Standing up at the wrong time. Crouching slows you down, but it also shrinks your hitbox and lets you slide under low debris. Some players refuse to crouch during chases because it feels slower. That’s wrong. There are sections where crouching under a falling chandelier saves two seconds of detour. Two seconds is the difference between living and the lobby screen.
Sprinting into debris. The stagger animation is a death sentence at high doors. At door 140, Seek is close enough that a single stagger means you get caught. Treat debris like landmines. Go around them, even if it means breaking your sprint rhythm.
Panicking at the exit door. Players see the exit and relax. Their hands come off the sprint key. Their movement gets sloppy. Seek doesn’t care that you’re almost safe. The chase ends when the cutscene triggers, not when you see the door.
The Mental Model: A Decision Framework for Each Phase
You don’t need perfect reflexes. You need a framework. Here’s the one I use for every chase, regardless of door count.

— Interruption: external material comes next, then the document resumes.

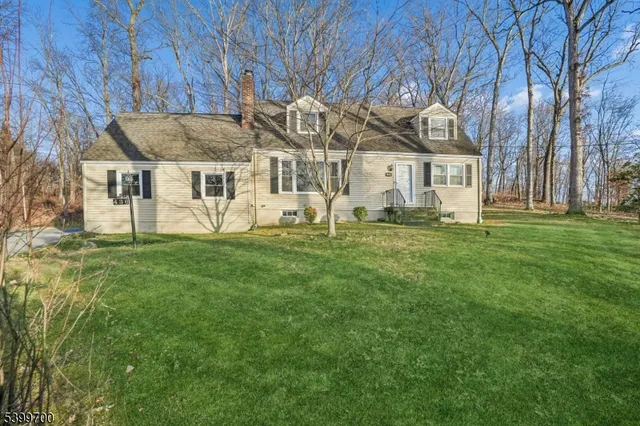 $800,000 | 436 Mt Airy Road, Bernards, NJ 07920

Preparation (Before the chase triggers): Keep your stamina above 50%. Don’t sprint into the room that triggers the chase. Listen for audio cues — the ambient music drops out about two seconds before the lights turn red. That’s your warning. Use those two seconds to center your camera and find the forward path.
First hallway decision tree:
- Is the path clear ahead? Sprint.
- Is there debris in the next three seconds of movement? Walk through it, then sprint.
- Did I just hear the heartbeat spike? Don’t look back. It means Seek entered the hallway. Keep moving.
Maze decision tree:
- Have I seen this room before? Backtrack immediately. You’re in a loop.
- Are there two doors? Check the lighting. The correct door is usually slightly brighter. The wrong door wants you to pick it.
- Is there debris blocking a door? That’s often the correct path. The game hides the right way behind clutter.
Final sprint decision tree:
- Can I see the exit? Sprint in bursts. Don’t burn all your stamina.
- Is a chandelier shaking above me? Stop sprinting, walk around the drop zone, then resume.
- Is the screen shaking violently? That means Seek is close. Don’t turn. Don’t panic. Your character moves faster than you think. Trust the inputs.
This framework isn’t flashy. It’s boring. But boring decisions keep you alive when the game is doing everything it can to make you panic.
Counter-Intuitive Tips That Save Runs
Here are three things that sound wrong until you try them.
Sometimes walking is faster than sprinting. In high-density debris sections, sprinting causes staggers. Two staggers cost more time than walking cleanly through the same section. If a hallway is cluttered with chairs and broken wood, let off the sprint key. You’ll be surprised how much ground you keep.
Crouch under chandeliers instead of going around. The detour around a falling chandelier is often longer than the crouch animation. At door 120+, that extra half-second of distance matters. Crouching also keeps your hitbox low if the chandelier drops early.
The wrong-looking door is usually right. In the fork maze pattern, the correct path is almost always the one that looks worse. Darker lighting, more debris, a tighter squeeze — the game rewards players who push through discomfort. The easy door is a trap.
FAQ
How often does Seek appear in Doors?
Seek chases occur roughly every 30-50 doors. The first chase is around door 30-40, with subsequent chases becoming progressively harder and at higher door counts.
Can you outrun Seek by sprinting?
Not exactly. Seek’s speed scales to stay just behind you. Sprinting helps you reach turns faster, but reckless sprinting causes you to trip on debris. Controlled movement beats raw speed.
What items help during a Seek chase?
Vitamins give a temporary speed boost, and a flashlight helps see debris in dark sections. However, most items are less useful than good pathing — don’t rely on items to carry you.